U.S. District Court Judge William Alsup of the Northern District of California was critical of the vegetation management plans after reviewing the latest mitigation plan, previously submitted to state regulators.
Alsup also plans a sentencing hearing in ongoing proceedings he oversees related to PG&E’s fatal 2010 natural gas pipeline rupture and explosion in San Bruno. The San Francisco-based utility was sentenced in 2017 to five years probation after being found guilty on six criminal counts related to the tragedy.
Five additional conditions related to wildfire preventive work were imposed, which Alsup said “simply requires full compliance with existing law.” He dismissed PG&E’s contention that an adequate vegetation management plan would require superhuman efforts and excess costs of up to $150 billion.
The utility paid PG&E Corp. dividends of $925 million in 2016 and $798 million in 2017, while common stockholders received $921 million in 2016 and $1 billion in 2017 dividends, the judge noted.
The five conditions are to “protect the public from further death and destruction resulting from PG&E-caused wildfires.” The conditions require complying with all vegetation management laws; set specific targets; allow unannounced inspections by the court; require traceable, verifiable and accurate records of vegetation management; and require sufficient financial and workforce resources to meet the requirements.
PG&E spokesperson James Noonan said the utility “shares the court’s commitment to safety” and everyone must work together “with urgency” to lower the risk of wildfires. He said PG&E is committed to completing the work outlined in its recently submitted Wildfire Safety Plan.
The mutual goal is to “develop comprehensive, long-term safety solutions for California,” Noonan said.
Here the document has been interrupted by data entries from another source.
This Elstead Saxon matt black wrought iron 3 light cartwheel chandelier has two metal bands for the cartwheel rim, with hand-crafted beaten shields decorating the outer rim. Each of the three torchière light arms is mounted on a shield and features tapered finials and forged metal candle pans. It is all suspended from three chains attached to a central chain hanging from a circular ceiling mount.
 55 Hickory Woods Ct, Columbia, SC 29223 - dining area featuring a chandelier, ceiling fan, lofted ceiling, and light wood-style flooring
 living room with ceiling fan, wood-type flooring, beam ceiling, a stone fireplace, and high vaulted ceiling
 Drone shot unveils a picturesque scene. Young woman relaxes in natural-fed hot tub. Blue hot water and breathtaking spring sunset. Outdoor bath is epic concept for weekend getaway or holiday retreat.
In issuing a second order to determine why PG&E’s probation conditions should not be modified, Alsup described PG&E’s “unsafe conduct,” which has led to “recurring deadly wildfires caused by its electrical system.”
Since January Alsup has issued several orders and held several show-cause hearings, the next one of which is set for March 22.
PG&E and the parent corporation filed for Chapter 11 bankruptcy protection in January.